In the entries below, repeat only the lines between those holding "Here is your" and "Welcome back to", inclusive. Leave pictures out.

[Saved data entries]
++++

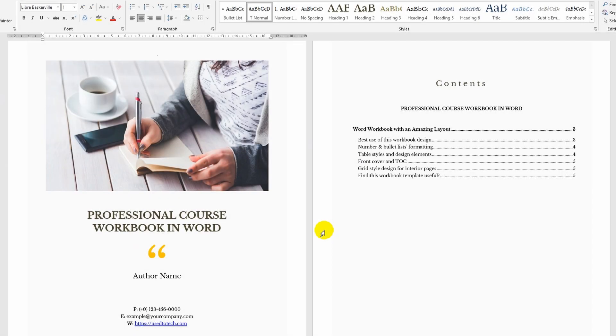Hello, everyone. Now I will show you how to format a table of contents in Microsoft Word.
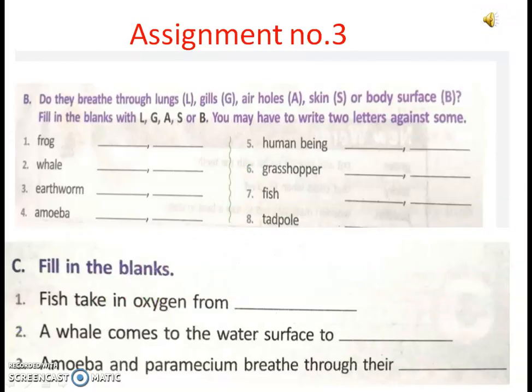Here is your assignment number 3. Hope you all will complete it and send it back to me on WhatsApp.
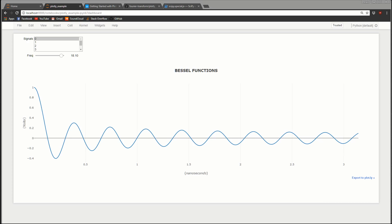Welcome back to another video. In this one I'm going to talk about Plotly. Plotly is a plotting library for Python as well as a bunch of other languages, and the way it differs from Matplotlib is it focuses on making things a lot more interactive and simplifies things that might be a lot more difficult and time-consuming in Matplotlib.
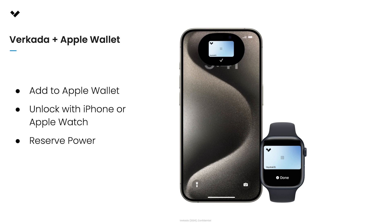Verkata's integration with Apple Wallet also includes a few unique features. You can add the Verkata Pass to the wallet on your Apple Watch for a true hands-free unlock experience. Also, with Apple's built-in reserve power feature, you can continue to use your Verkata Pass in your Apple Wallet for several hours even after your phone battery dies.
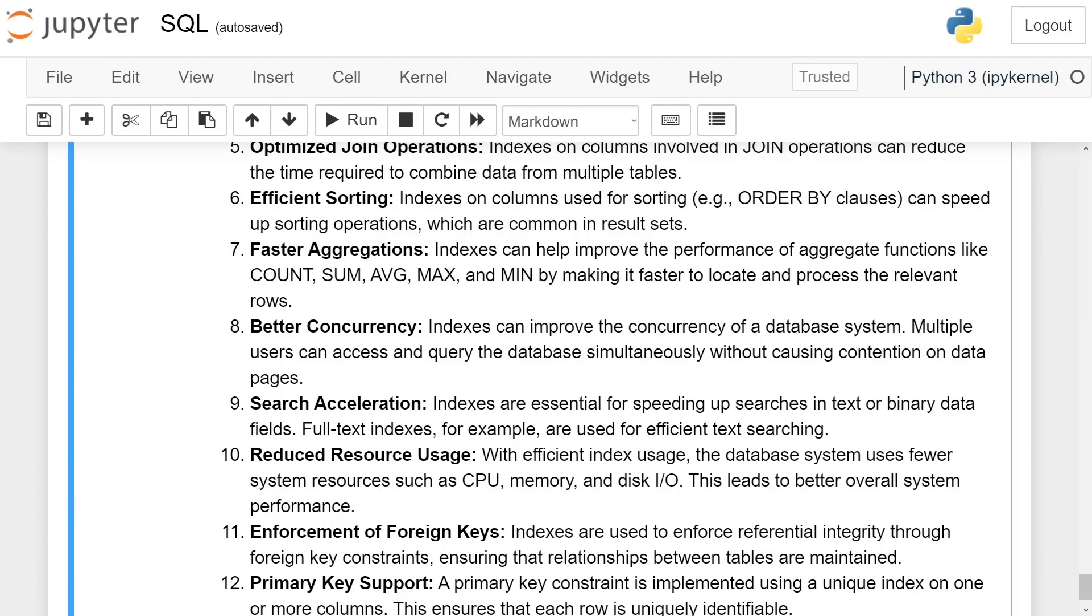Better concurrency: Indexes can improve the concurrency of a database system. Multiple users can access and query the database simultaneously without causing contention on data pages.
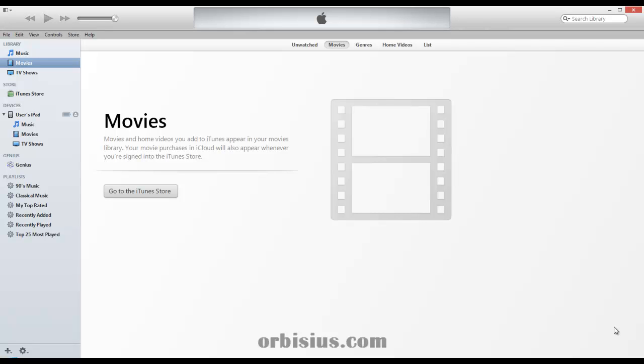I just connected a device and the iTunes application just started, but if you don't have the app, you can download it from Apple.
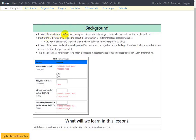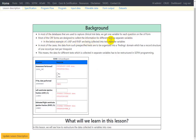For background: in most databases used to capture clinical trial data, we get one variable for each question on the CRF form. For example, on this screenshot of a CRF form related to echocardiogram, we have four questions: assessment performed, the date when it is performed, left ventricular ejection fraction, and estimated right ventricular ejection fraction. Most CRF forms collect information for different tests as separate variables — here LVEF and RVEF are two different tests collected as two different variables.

++++

[Answer box]
Here is your assignment number 3. Hope you all will complete it and send it back to me on WhatsApp.
Welcome back to another video. In this one I'm going to talk about Plotly. Plotly is a plotting library for Python as well as a bunch of other languages, and the way it differs from Matplotlib is it focuses on making things a lot more interactive and simplifies things that might be a lot more difficult and time-consuming in Matplotlib.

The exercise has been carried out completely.